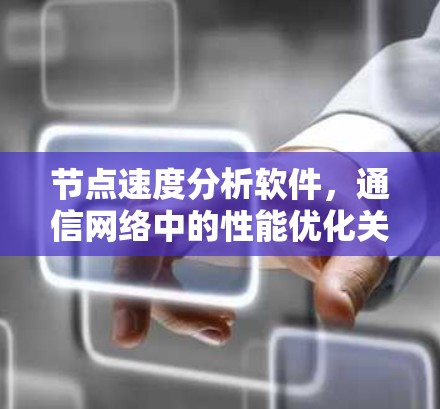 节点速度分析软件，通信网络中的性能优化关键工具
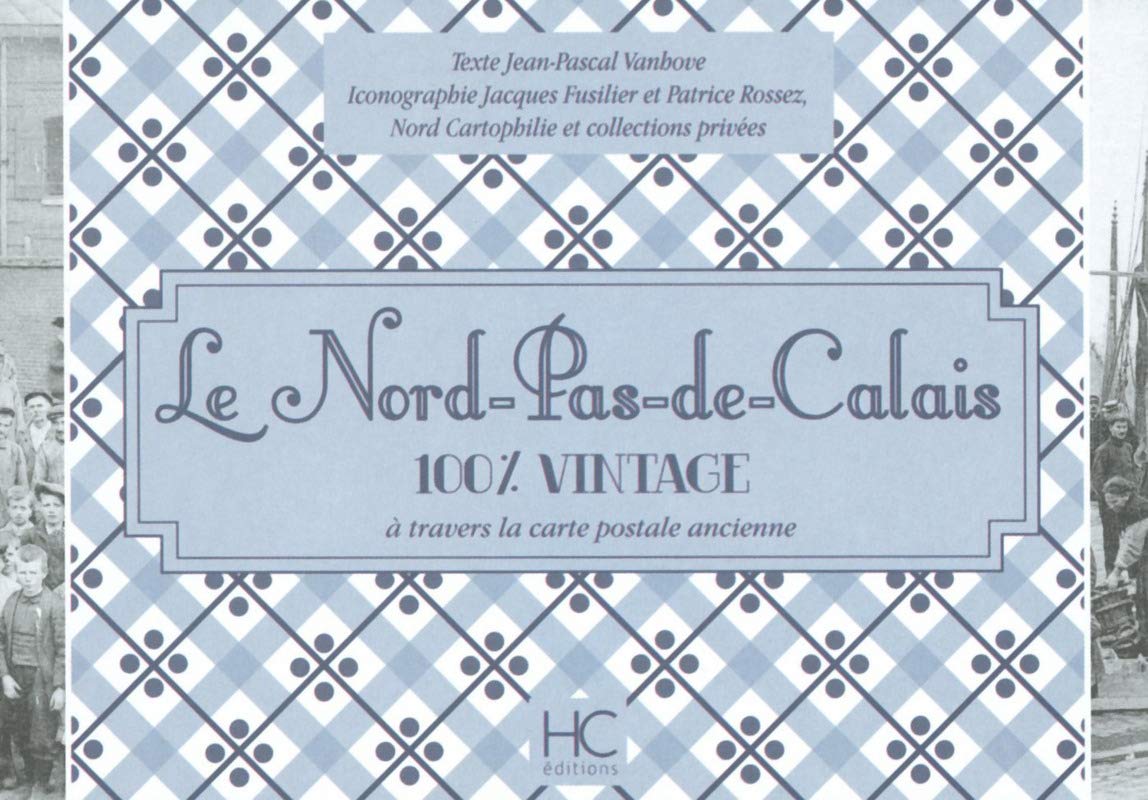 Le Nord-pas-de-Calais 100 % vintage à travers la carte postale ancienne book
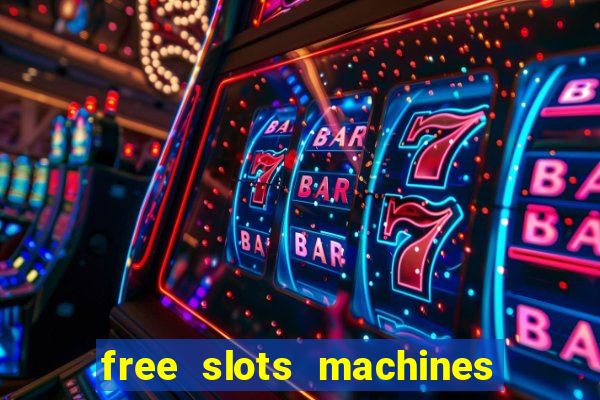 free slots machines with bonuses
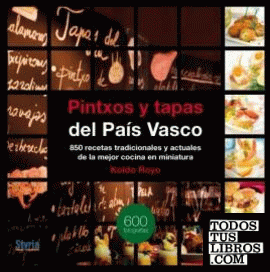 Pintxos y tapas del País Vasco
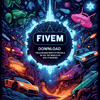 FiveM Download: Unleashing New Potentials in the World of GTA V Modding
- - - - -
■ **How to complete this task**: Copy out only the lines from the one containing "Le Nord-pas-de-Calais 100" to the end of the entries, unchanged. Drop the pictures.

■ **Response**:
 Le Nord-pas-de-Calais 100 % vintage à travers la carte postale ancienne book
 free slots machines with bonuses
 Pintxos y tapas del País Vasco
 FiveM Download: Unleashing New Potentials in the World of GTA V Modding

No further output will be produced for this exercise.